Интересным и важным является вопрос о характере и масштабе военного таланта Скобелева. Поскольку из его современников крупнейшим военным авторитетом был Мольтке, естественно, с ним чаще всего и сравнивали Скобелева. Сравнение бывало не в пользу Скобелева именно вследствие… его ослепляющей храбрости. Его противопоставляли Мольтке, обладавшему, при отсутствии храбрости, качествами организатора и военного мыслителя. Любопытные суждения передает в связи с этим цитированный русский офицер. В беседе с ним один военный авторитет высказался, что «…германская армия в две-три недели дойдет до Москвы; ведь у немцев все уже готово. Их армия совершенство, их Мольтке…

— А у нас Скобелев, — перебил я.

— Ах, оставьте вы своего Скобелева… Храбрец, человек неукротимой отваги, а там гениальный расчет…
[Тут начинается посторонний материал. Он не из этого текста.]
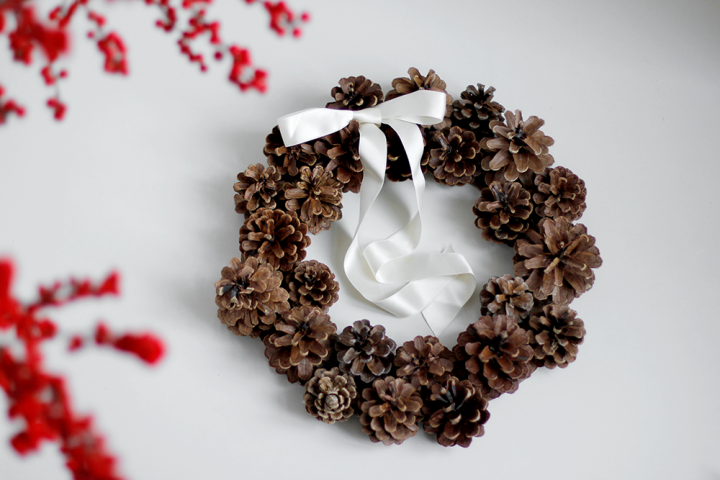 DIY: Kranz aus Kiefernzapfen selbermachen | we love handmade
— Но разве не замечательный расчет сказался в Ахалтекинской экспедиции, — возразил я, — но мой авторитет только замахал руками…».

Этим суждениям рассказчик противопоставляет другие, основанные на близком знакомстве высказывавших их лиц со Скобелевым. «Англичанин Грин (ошибка: Грин — американец. — В.М.), не задумываясь, ставил Скобелева рядом не только с Мольтке, но даже с Наполеоном. По моему мнению, это совершенно справедливо. Сходство французского и русского гениев поразительное. Оба они обладали в высшей степени таинственным даром покорять себе массы. От солдата до мужика все чувствовали в них олицетворение народной души, народного гения. Они — истинные вожди народа. Там, где только они появлялись, совершался удивительный подъем духа… Ничего подобного, жизненного и центрального, не представляет собою молчаливая фигура Мольтке. Это военный, чрезвычайно даровитый генерал в самом специальном значении».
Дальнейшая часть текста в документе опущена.